Le blog fait remarquer que les deux plans stratégiques de développement du secteur minier suivent la même trajectoire. Le premier (2016-2021) est resté au stade technique faute de validation politique. Quant au second (2021-2026), bien que présenté officiellement, sa mise en œuvre concrète reste un défi majeur alors que son calendrier touche à sa fin.
DRC Mining Week : occasion de mettre en lumière le potentiel inestimable de la RDC
Dans ses analyses, l'institut poursuit :
"Au même moment, la « présidentialisation » du secteur continue. Comme avec le contrat sino-congolais négocié et géré depuis la présidence sous le régime précédent, les nouveaux accords miniers se discuteront encore dans un cercle restreint. Les communautés vivant au pied des gisements n'en découvriront l'existence qu'une fois les engins déployés ; elles subiront alors les décisions prises au sommet sans avoir jamais été consultées".
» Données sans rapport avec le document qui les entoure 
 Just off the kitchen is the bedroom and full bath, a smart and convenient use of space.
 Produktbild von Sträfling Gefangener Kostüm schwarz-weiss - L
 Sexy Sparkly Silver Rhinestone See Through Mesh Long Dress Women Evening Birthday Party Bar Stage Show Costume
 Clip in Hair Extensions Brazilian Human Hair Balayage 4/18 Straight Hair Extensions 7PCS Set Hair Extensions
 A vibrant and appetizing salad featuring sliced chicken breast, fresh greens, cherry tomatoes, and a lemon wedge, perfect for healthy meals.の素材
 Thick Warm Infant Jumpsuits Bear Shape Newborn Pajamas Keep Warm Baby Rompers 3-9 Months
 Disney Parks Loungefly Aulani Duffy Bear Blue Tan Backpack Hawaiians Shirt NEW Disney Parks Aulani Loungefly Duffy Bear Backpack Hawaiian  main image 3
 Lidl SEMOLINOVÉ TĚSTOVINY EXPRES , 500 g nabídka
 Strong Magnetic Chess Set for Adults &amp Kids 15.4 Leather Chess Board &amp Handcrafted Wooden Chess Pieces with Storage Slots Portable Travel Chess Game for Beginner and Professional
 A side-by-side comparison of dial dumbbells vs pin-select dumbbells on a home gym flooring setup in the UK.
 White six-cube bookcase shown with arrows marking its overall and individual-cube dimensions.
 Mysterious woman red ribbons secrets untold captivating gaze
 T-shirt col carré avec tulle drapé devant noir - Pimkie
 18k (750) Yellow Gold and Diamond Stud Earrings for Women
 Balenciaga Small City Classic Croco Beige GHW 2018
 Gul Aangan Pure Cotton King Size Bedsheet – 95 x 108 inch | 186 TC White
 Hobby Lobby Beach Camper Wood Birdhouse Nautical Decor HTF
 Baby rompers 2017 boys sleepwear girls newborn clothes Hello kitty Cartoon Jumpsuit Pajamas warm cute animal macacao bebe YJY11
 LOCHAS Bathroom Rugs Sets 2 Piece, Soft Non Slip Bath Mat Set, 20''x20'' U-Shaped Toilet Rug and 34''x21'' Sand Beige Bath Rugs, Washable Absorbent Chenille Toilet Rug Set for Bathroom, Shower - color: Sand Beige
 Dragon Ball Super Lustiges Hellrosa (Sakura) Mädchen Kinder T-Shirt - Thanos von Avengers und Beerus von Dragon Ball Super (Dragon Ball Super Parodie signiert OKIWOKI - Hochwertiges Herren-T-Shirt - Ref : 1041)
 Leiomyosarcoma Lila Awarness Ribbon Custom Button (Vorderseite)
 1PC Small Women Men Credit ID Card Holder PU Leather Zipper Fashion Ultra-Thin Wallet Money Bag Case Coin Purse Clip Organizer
L'Institut constate un fait :
"aujourd'hui, la valeur stratégique d'un minerai comme le cobalt est avant tout déterminée par les pays qui le transforment en produits finis, et non par la simple détention des réserves. Tant que les États-Unis, l'Union européenne ou la Chine le jugent indispensable à leurs secteurs stratégiques et restent vulnérables face à une offre mondiale concentrée majoritairement en RDC, le cobalt conservera son importance économique et géopolitique". Cependant, nuance l'Institut Ebuteli, "l'apparition de substituts, la diversification des sources d'approvisionnement, ou l'émergence de nouvelles technologies moins exigeantes en cobalt, pourraient très rapidement faire disparaître cette centralité".
D'où son avertissement : "Ce 20e anniversaire de la DRC Mining Week est donc une occasion de mettre en lumière le potentiel inestimable de la RDC, mais surtout de rappeler qu'une fenêtre de rentabilité peut se refermer".